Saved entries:
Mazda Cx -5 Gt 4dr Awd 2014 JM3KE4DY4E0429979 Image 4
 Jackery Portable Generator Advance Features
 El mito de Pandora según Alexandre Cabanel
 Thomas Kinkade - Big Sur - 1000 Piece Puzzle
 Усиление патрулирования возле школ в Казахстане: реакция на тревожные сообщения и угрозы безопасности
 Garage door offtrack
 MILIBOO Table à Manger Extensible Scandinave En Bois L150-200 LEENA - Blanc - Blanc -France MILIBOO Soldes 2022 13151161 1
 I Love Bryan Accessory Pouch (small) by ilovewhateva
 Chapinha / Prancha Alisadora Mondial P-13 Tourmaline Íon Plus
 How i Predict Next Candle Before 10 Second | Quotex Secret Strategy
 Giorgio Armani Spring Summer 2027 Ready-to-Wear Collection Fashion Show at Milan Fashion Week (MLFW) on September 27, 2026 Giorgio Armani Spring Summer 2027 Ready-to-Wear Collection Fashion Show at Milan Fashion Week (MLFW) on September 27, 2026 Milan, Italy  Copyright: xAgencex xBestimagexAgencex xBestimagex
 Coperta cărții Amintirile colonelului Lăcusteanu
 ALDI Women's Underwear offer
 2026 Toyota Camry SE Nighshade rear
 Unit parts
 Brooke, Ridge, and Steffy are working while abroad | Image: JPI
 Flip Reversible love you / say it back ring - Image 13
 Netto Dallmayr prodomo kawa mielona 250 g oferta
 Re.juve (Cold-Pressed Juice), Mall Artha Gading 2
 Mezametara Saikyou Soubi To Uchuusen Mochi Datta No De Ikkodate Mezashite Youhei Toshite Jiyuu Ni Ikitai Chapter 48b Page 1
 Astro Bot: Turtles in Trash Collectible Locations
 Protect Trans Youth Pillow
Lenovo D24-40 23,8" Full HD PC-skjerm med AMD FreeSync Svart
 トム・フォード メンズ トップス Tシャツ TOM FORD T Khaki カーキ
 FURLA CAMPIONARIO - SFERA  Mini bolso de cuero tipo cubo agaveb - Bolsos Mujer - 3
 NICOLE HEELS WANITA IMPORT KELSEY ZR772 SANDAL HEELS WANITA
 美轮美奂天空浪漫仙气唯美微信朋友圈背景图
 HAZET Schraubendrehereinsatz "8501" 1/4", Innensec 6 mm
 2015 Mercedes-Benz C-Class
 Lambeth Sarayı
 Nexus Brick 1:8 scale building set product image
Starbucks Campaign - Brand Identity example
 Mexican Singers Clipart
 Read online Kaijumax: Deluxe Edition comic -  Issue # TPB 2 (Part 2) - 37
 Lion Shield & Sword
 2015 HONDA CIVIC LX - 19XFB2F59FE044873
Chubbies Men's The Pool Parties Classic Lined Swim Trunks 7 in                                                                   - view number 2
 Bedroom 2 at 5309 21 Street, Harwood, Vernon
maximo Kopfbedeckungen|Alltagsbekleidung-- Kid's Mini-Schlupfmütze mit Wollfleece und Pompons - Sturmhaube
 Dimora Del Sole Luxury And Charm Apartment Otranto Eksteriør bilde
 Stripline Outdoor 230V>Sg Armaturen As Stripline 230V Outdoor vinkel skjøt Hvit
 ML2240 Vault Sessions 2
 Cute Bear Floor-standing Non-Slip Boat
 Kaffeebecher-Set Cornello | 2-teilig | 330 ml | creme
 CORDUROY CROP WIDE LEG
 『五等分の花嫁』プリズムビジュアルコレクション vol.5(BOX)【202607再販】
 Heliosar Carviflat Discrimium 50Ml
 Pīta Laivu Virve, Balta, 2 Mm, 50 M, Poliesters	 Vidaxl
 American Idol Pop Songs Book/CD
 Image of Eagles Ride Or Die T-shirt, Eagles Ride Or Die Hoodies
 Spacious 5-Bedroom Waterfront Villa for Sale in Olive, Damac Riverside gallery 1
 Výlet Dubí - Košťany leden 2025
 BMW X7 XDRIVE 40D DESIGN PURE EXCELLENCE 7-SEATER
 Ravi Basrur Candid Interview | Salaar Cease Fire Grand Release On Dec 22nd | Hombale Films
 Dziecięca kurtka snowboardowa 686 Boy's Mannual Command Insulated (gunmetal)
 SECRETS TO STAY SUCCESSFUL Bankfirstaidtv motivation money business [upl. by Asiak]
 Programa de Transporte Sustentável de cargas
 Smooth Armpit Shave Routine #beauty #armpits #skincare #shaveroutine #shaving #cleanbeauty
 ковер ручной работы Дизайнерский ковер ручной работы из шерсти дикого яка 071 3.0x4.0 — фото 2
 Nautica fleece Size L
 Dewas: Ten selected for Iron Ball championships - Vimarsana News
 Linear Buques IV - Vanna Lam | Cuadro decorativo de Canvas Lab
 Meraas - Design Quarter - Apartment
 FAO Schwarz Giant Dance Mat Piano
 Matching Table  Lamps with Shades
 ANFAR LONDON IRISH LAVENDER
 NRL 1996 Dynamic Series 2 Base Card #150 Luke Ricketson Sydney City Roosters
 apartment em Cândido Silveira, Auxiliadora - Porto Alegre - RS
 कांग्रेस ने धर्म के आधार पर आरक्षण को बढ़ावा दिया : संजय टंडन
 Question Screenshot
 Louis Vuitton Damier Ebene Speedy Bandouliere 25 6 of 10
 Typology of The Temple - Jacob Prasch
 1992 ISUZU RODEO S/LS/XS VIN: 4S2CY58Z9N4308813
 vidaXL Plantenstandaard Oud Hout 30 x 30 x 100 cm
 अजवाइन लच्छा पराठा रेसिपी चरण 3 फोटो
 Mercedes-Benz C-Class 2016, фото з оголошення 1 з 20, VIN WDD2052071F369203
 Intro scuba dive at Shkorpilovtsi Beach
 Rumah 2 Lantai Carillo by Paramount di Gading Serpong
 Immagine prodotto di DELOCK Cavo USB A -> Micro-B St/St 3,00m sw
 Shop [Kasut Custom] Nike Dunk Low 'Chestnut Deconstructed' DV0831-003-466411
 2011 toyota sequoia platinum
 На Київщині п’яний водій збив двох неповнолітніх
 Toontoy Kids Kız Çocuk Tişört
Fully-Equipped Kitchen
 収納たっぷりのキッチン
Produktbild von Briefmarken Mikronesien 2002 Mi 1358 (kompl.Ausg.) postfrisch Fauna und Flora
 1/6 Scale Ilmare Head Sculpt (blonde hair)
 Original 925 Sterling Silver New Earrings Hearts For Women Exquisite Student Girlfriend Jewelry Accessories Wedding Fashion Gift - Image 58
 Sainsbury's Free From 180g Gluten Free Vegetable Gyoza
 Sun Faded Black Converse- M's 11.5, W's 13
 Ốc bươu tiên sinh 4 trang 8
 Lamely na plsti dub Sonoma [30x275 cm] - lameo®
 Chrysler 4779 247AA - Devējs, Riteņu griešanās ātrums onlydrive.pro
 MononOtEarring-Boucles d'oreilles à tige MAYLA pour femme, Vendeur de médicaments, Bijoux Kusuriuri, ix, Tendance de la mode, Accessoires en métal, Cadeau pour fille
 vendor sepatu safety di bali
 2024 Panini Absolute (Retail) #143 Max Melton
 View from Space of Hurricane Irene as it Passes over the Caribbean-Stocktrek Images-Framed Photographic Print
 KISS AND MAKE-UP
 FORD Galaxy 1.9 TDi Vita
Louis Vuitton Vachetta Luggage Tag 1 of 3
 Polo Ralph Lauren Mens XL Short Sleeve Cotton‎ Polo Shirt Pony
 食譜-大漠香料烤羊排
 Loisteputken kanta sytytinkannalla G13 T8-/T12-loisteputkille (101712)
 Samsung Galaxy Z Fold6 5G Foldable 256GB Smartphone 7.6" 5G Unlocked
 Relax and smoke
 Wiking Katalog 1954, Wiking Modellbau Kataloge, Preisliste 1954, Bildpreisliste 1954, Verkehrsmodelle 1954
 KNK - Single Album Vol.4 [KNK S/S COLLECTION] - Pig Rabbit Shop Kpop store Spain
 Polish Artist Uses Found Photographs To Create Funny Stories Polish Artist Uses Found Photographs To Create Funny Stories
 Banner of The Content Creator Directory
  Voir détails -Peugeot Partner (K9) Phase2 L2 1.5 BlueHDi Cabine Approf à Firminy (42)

#### HOW TO COMPLETE THIS TASK:
Note how many lines above hold "фото" and give that figure alone.

#### COMPLETED EXERCISE:
2